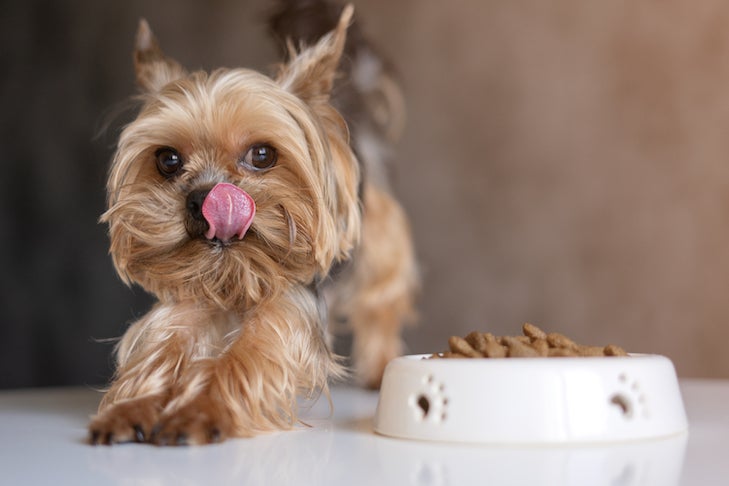 Choose the Healthiest Dry Canine Meals for Your Canine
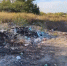 На особо охраняемой природной территории выявили складирование отходов и сброс сточных вод - OnlineTambov.Ru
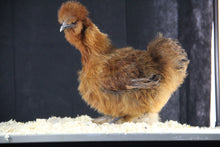 Charger l'image dans la galerie, Poule Soie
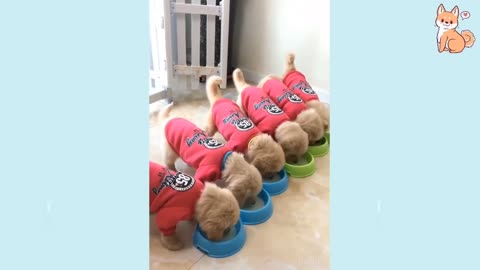 Cute tiny puppy and dogs funny habits compilation ▶7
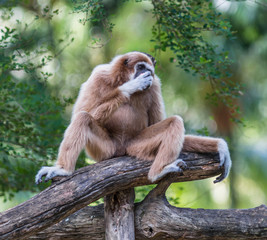 White Cheeked Gibbon or Lar Gibbon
○ ○ ○ ○ ○
EXERCISE PROMPT:
Omit the pictures, then quote the rest of the material above exactly.

SOLUTION TO THE EXERCISE:
 Choose the Healthiest Dry Canine Meals for Your Canine
 На особо охраняемой природной территории выявили складирование отходов и сброс сточных вод - OnlineTambov.Ru
 Charger l'image dans la galerie, Poule Soie
 Cute tiny puppy and dogs funny habits compilation ▶7
 White Cheeked Gibbon or Lar Gibbon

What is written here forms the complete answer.